Selon les experts, l'agriculture durable jouera un rôle clé dans le monde de l'après-pandémie

Dans le monde de l'après-coronavirus, les priorités de la population vont évoluer, ce qui obligera les agriculteurs et les distributeurs à adopter des modes de production éthiques et durables dans les années à venir.

L'eau des canaux de Venise est limpide, on aperçoit des dauphins et des baleines au large des ports, tandis que des cerfs et des ours se promènent en pleine ville. 

La moitié de la population mondiale a passé ce printemps confinée chez elle, et des rapports provenant du monde entier indiquent que la pollution diminue considérablement tandis que la nature revient discrètement dans des zones dont elle avait été chassée.

Tout est lié : ce que nous faisons au monde finit par nous affecter. – Margherita Monti, anthropologue environnementale

Le satellite Sentinel-5P de l’Agence spatiale européenne a révélé une baisse drastique des niveaux de dioxyde d’azote (NO₂) dans le nord de l’Italie depuis que le pays est entré en confinement le 9 mars.
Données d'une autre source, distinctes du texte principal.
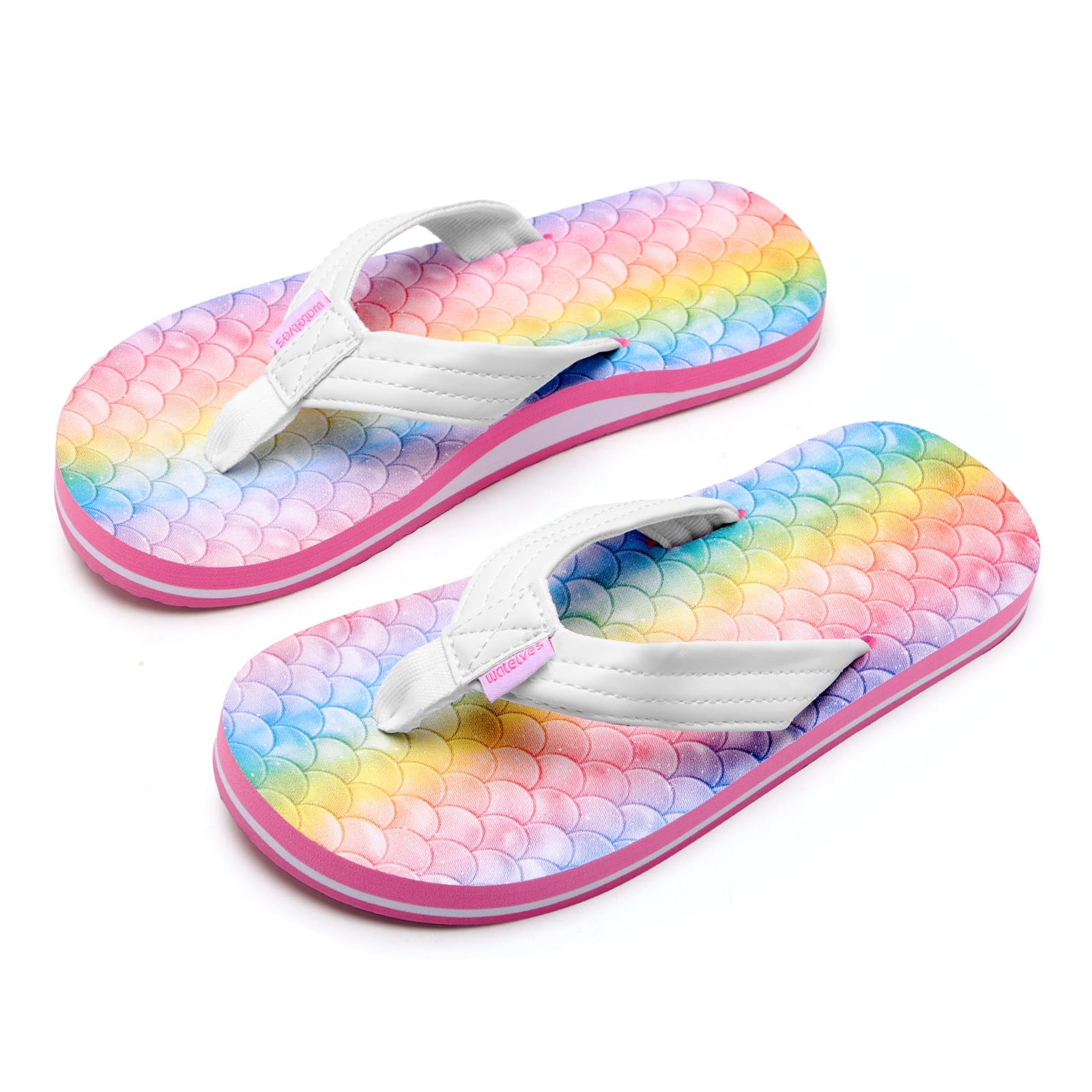 WateLves Flip Flops Kinder Zehentrenner Mädchen Jungen Badelatschen Sommer Strand und Pool Rutschfeste Zehensandalen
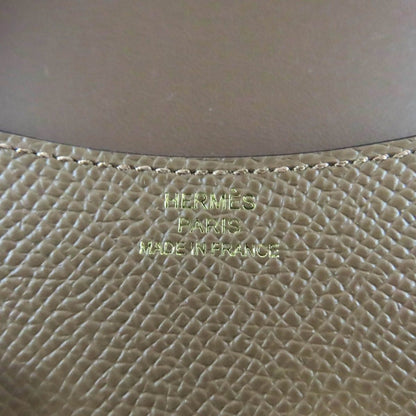 Hermes Constance Slim Brown Veau Epsom Gold Coin Case Wallet — view 12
Partout, on observe des signes évidents de l’impact des activités humaines sur l’environnement, qui apparaissent en relief maintenant que nous avons réduit notre empreinte sur le paysage.

Ces évolutions n’ont pas échappé aux experts, dont beaucoup estiment que l’agriculture peut jouer un rôle majeur dans un monde meilleur, après la pandémie.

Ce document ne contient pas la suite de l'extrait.